The Green Paper plan to endow the new Legislature and Executive Council to extend its law-creating capacity exclusively to the island of Tobago and ten miles of Territorial Sea and leave the jurisdictional status of the off-shore islands, the archipelagic waters and the air-space over these areas including over the ten mile territorial sea band in a limbo is to grant a “bob-tail” brand of self-governance to the island. This must be opposed using well-known Tobago muscle and intellect.
The strategic location and value of Tobago in the archipelagic state of T&T cannot be over-emphasised. The entire boundary between T&T and Barbados on the one-hand and with Grenada is measured from and derived from Tobago. It stands to reason that Tobagonians must now be accorded a type of functional exclusive economic jurisdiction over the living and non-living resources of a sizeable part of the Exclusive Economic Zone located seawards of the limits of the 12-mile Territorial Sea over and beyond what is being proposed using as a determining factor the question of adjacency. Tobagonians cannot be encircled by maritime oil/gas blocks on all sides and yet are blocked from deriving direct benefits from these oil and gas fields. This is a denial of their solemn maritime patrimony to be harvested equitably for the benefits of its people.
Accordingly the proposed Tobago Legislature and Executive Council should be invested with the law-creating capacity to apply and extend to the main island, the off-shore islands, the archipelagic waters, the territorial sea of 12 miles, their superjacent air-spaces and the exclusive economic zone located north, East and West of Tobago.

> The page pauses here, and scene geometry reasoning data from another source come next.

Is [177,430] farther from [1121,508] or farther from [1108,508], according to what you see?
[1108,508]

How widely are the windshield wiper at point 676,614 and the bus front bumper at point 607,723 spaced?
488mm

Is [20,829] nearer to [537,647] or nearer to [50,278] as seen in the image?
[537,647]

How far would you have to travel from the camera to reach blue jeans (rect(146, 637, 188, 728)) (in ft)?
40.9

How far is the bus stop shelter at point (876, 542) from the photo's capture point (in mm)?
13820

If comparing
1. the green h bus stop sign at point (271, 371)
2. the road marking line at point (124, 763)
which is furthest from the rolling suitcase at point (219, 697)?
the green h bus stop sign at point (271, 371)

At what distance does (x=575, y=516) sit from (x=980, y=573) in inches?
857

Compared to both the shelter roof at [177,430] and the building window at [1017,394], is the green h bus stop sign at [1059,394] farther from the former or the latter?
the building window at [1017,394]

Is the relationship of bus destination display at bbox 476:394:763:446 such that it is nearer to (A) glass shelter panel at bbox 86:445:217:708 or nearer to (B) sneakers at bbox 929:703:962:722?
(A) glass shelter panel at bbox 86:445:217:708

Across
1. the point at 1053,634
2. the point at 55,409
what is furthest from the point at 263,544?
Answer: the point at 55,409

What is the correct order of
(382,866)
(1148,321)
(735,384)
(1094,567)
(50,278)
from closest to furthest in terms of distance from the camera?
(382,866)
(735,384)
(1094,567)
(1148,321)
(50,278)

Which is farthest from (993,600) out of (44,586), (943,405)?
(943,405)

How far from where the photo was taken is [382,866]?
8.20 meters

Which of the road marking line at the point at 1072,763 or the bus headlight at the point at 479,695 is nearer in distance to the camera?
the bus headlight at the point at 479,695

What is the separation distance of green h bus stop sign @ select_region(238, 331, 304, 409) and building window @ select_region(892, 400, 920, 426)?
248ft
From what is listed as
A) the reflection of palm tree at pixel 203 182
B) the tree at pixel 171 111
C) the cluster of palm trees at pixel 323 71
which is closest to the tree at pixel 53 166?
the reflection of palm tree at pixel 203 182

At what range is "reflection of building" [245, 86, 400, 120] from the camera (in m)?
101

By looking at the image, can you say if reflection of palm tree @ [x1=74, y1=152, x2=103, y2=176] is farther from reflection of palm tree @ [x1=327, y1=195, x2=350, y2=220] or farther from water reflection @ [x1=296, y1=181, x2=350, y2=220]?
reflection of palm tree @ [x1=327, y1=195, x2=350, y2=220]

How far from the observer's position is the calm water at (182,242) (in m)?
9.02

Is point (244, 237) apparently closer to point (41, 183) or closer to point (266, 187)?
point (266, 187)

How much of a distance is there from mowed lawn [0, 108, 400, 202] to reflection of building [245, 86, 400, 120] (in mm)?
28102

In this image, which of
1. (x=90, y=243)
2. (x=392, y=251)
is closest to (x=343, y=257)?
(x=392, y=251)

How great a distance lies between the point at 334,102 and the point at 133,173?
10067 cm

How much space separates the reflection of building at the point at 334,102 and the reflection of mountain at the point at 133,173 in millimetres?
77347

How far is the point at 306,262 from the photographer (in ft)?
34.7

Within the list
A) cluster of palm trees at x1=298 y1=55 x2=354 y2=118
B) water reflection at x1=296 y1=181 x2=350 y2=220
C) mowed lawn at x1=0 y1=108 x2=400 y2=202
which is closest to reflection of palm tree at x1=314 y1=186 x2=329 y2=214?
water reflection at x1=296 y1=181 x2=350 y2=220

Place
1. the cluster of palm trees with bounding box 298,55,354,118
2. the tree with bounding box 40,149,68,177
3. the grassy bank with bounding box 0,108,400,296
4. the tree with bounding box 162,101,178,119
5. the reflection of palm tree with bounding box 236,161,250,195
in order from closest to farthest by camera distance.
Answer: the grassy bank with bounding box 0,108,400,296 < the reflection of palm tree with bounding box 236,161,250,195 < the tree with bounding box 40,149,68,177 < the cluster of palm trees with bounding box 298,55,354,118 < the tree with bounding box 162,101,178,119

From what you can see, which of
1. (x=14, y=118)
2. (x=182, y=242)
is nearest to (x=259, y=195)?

In order to determine the geographical reach of the law-creating and law-implementation capacity of the proposed legislature the Act must contain a definition of Tobago. The following is offered:
Draft Definition of Tobago
Patented by Stephen Kangal
“Tobago shall comprise the island of Tobago, Little Tobago, St. Giles Island, Marble Is, Goat Island, Sisters Island and other off-shore islands, the archipelagic waters and Territorial Sea, the air-space above these two aforementioned maritime areas as well as over the land-space and shall exercise sovereign and other rights over the adjacent Exclusive Economic Zone on behalf of Trinidad and Tobago as set out in the Archipelagic Waters and Exclusive Economic Zone, Act No 24 of 1986, extending to the limits established by internationally-recognized maritime boundaries and the jurisdictional limits to be agreed in maritime areas lying between Tobago and Trinidad and/or in maritime areas where no bilateral limits have been agreed to with the two neighbouring states concerned, to 200 nautical miles.”